Intraoperative Assessment of Distal Resection Margins Using Frozen Section in Mid and Low Rectal … (NCT07398716) | Clinical Trial Compass
CompletedNot Applicable
Intraoperative Assessment of Distal Resection Margins Using Frozen Section in Mid and Low Rectal Cancer Surgery
Turkey (Türkiye)99 participantsStarted 2022-01-01
Plain-language summary
This study aims to improve the safety of distal surgical margins in patients with middle and low rectal cancer who receive neoadjuvant radiotherapy. Although magnetic resonance imaging and colonoscopic evaluation after neoadjuvant radiotherapy may suggest complete or near-complete tumor regression, residual tumor cells can still be present in the submucosal and muscular layers of the rectal wall. This may increase the risk of inadequate surgical margins and local recurrence.
In this study, patients with middle and low rectal cancer who are scheduled for surgery after neoadjuvant radiotherapy will be randomized into two groups. In the frozen section group, intraoperative frozen section analysis of the resection specimen will be performed immediately after specimen removal to assess the distal resection margin, and the surgical procedure will be guided according to the frozen section results. In the control group, standard surgical resection will be performed without intraoperative frozen section evaluation.
Pathological findings, distal margin status, operative time, tumor stage, and recurrence during follow-up will be compared between the two groups to evaluate the impact of intraoperative frozen section analysis on surgical margin safety and oncological outcomes.
Who can participate
Age range
18 Years – 90 Years
Sex
ALL
See this in plain English?
AI-rewrites the medical criteria so a patient or caregiver can understand them. Always confirm with the trial site.
Inclusion Criteria:
* Patients diagnosed with mid or low rectal cancer (Stage I-III)
* Patients who have received short-course or long-course neoadjuvant radiotherapy
* Patients evaluated and approved for surgery by a multidisciplinary oncology board
* Patients scheduled for total mesorectal excision (TME)
* Age ≥ 18 years
* Patients who provide written informed consent
Exclusion Criteria:
* Stage IV rectal cancer
* Upper rectal tumors
* Patients undergoing emergency surgery
* Patients planned for local excision or palliative surgery
* Patients with distant metastasis
* Patients with a history of previous rectal surgery
Questions worth asking your doctor
Bring these to your next appointment. They're a starting point for a shared conversation — not a sign you qualify or a recommendation to enrol.
1Based on my diagnosis and history, is this trial worth exploring for me — or is there a standard treatment we should try first?
2What does this trial's phase tell us about how much is already known about its safety and benefit?
3What would taking part actually involve for me — visits, tests, time, and travel?

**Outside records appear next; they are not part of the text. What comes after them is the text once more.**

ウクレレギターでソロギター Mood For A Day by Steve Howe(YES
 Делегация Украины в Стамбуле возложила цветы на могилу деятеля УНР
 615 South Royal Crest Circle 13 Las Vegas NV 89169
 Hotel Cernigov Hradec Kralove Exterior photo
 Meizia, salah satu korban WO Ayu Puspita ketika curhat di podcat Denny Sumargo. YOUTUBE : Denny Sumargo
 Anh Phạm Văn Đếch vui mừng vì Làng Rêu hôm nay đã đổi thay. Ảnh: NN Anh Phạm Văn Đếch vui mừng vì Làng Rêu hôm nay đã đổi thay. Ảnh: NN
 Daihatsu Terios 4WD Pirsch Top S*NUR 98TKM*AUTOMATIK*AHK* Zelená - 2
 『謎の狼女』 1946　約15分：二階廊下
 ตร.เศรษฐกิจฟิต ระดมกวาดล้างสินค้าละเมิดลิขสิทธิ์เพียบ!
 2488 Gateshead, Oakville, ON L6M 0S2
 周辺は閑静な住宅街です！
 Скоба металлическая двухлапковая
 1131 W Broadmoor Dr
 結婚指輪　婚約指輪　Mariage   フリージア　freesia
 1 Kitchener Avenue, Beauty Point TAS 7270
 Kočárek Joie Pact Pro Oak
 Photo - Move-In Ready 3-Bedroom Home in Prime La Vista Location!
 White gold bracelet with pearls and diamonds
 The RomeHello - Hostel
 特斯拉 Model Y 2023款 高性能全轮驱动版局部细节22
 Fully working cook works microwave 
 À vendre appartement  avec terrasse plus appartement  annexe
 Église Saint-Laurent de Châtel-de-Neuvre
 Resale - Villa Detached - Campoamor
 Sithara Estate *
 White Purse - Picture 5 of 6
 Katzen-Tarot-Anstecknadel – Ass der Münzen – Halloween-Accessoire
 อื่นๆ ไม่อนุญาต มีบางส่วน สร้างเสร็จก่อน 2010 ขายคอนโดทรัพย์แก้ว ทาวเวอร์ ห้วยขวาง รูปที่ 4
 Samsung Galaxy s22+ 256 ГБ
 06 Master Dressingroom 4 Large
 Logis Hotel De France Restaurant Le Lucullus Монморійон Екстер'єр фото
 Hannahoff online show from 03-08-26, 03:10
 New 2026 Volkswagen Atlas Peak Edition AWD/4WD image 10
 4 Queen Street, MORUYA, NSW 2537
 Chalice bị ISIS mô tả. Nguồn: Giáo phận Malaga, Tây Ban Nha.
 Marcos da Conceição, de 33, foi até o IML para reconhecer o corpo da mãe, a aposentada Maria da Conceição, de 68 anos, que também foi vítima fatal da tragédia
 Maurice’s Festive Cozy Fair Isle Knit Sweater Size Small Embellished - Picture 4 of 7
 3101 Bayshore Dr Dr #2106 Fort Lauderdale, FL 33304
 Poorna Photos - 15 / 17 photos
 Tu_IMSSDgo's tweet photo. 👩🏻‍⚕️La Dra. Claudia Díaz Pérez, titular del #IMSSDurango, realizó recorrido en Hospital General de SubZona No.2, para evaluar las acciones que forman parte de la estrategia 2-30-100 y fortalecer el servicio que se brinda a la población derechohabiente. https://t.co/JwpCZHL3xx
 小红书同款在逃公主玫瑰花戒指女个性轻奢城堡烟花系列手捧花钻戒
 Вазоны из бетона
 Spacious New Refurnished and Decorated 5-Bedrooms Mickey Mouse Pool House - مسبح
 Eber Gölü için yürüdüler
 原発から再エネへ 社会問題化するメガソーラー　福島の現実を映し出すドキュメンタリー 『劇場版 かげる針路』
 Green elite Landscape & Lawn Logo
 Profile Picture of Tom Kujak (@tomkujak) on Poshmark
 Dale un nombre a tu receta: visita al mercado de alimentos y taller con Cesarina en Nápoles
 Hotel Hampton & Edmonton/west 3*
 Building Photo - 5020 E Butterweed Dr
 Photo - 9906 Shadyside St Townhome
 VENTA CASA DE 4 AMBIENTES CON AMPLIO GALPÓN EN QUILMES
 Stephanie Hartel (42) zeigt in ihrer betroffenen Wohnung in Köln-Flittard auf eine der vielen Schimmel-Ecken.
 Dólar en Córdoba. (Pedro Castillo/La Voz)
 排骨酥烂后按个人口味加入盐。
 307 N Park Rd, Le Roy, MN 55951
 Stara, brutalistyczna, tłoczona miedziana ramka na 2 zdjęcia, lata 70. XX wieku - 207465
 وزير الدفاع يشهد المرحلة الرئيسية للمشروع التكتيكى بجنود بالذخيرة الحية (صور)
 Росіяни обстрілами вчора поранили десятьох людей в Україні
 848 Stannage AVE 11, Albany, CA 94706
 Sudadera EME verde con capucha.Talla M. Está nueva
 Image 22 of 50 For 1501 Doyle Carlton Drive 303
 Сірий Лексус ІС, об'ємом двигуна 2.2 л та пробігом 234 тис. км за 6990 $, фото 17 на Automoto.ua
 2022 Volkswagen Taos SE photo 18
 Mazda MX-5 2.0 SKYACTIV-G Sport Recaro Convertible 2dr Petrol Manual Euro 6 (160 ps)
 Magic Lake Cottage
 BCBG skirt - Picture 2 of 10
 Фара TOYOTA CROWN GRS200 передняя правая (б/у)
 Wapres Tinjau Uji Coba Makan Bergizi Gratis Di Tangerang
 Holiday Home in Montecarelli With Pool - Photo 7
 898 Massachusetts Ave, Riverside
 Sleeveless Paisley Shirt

4What are the known and possible risks or side effects I should weigh, and how would they be monitored?
5If this trial isn't the right fit, what other options or trials would you suggest I look into?
Generated to help you prepare — always confirm anything about your own eligibility and care with the study team and your doctor.
Questions for the trial coordinator
The trial coordinator is the person who runs the study day to day. These cover the practical side — logistics, costs, and what taking part would actually mean for your life. The study team confirms whether you meet the criteria; these are questions to ask, not a sign you qualify.
1What does taking part actually involve week to week — how many visits, where, and how long does each one take?
2What costs are covered by the study, and what might I have to pay for myself, including travel, parking, or time off work?
3What happens during screening, and what happens if the study team confirms I don't meet the criteria after those tests?
4Who pays for the scans, blood work, and other tests the trial requires — the study, my insurance, or me?
5How will being in the trial affect my regular care, and will my own doctor stay informed and involved?
6Can I leave the trial at any point if I change my mind, and what would happen to my care if I do?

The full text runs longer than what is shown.